On Sun, Jun 6, 2021 at 11:43 AM Justin Pryzby <pryzby@telsasoft.com> wrote:
> Sorry, but I already killed the process to try to follow Matthias' suggestion.
> I have a core file from "gcore" but it looks like it's incomplete and the
> address is now "out of bounds"...
Based on what you said about ending up back in lazy_scan_prune()

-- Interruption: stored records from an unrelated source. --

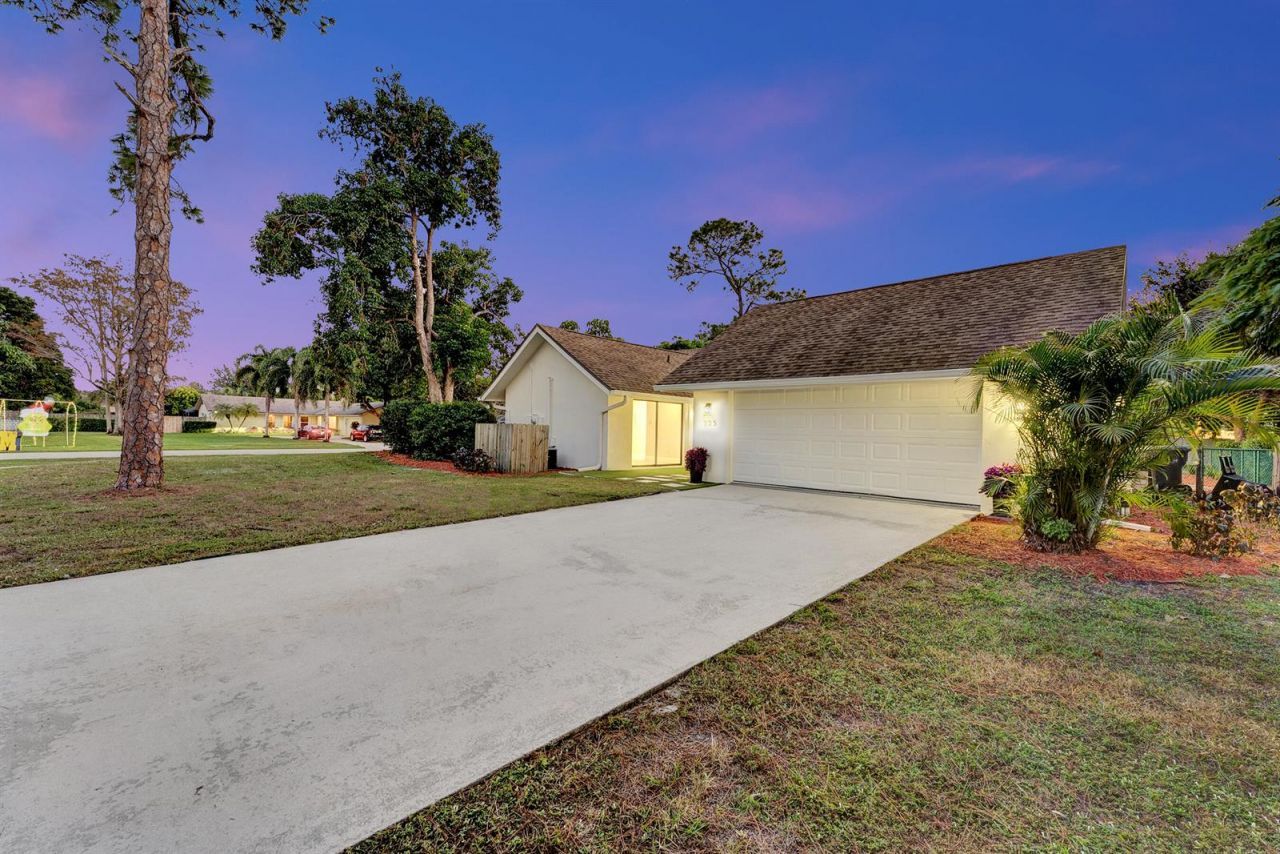 225 Sulky Way , Wellington, FL 33414 Photo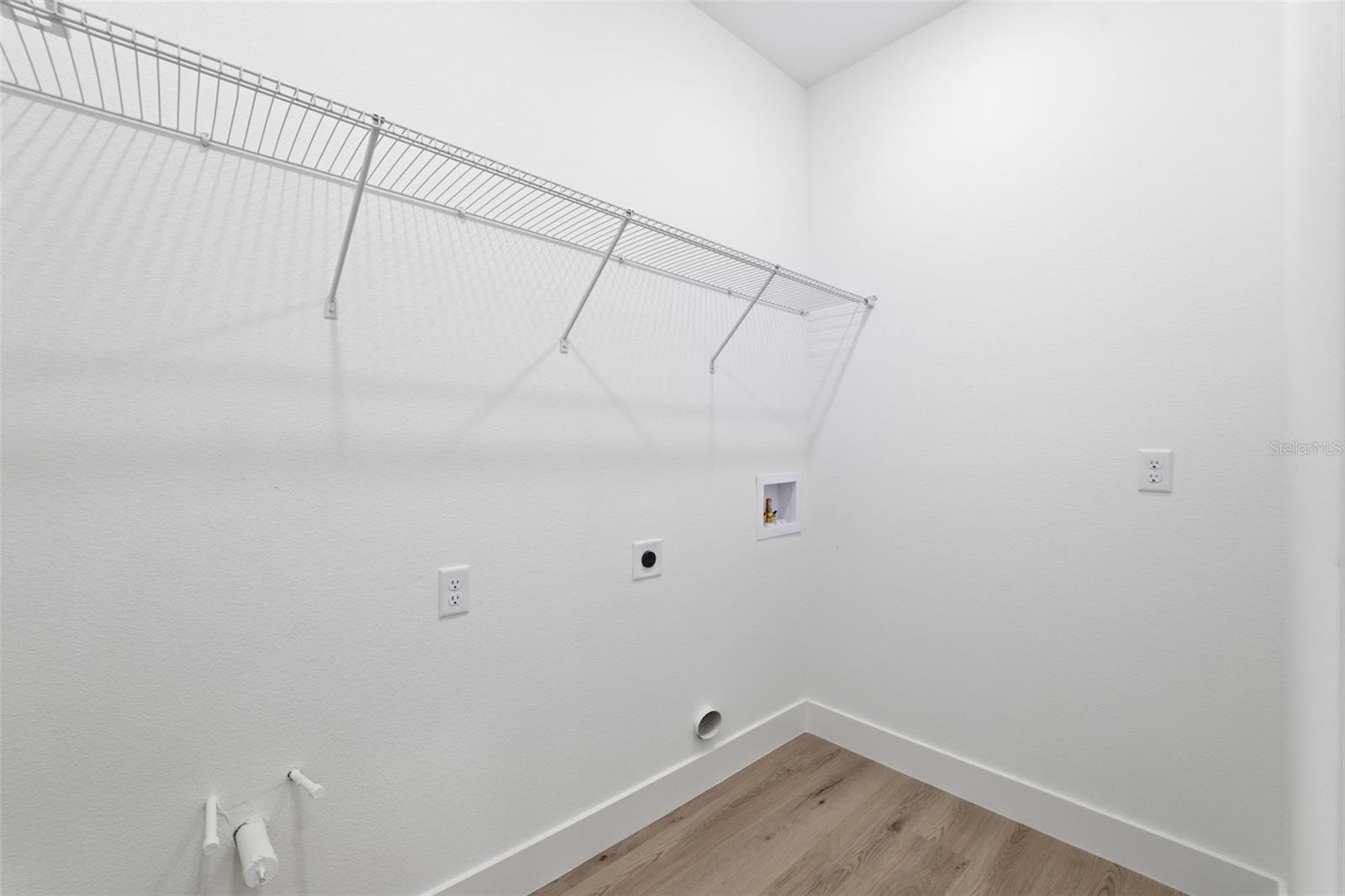 Image 28 of 35 For 2275 Linden Drive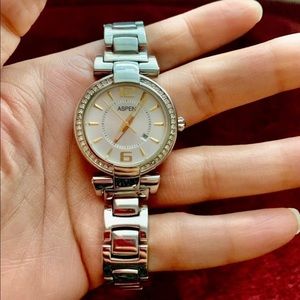 Aspen women watch
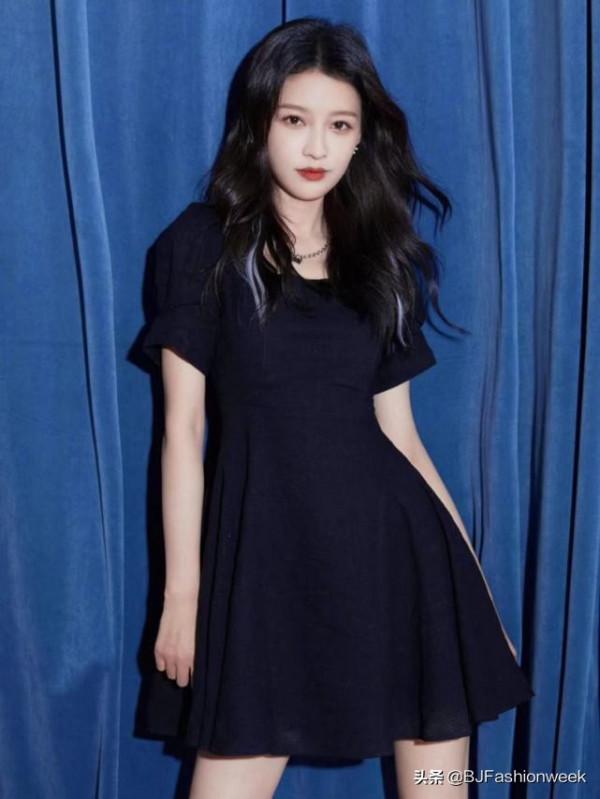 秋季小黑裙可以穿孫怡這一身,作為內搭來說,不挑人有氣場 秋季小黑裙可以穿孫怡這一身,作為內搭來說,不挑人有氣場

alone, I think he's right. That is, I agree that it's very likely that
the stuck VACUUM would not have become stuck had the "goto retry on
HEAPTUPLE_DEAD inside lazy_scan_prune" thing not been added by commit
8523492d4e3. But that in itself doesn't necessarily implicate commit
8523492d4e3.
The interesting question is: Why doesn't heap_page_prune() ever agree
with HeapTupleSatisfiesVacuum() calls made from lazy_scan_prune(), no
matter how many times the call to heap_page_prune() is repeated? (It's
repeated to try to resolve the disagreement that aborted xacts can
sometimes cause.)
If I had to guess I'd say that the underlying problem has something to
do with heap_prune_satisfies_vacuum() not agreeing with
HeapTupleSatisfiesVacuum(), perhaps only when GlobalVisCatalogRels is
used. But that's a pretty wild guess at this point.
--
Peter Geoghegan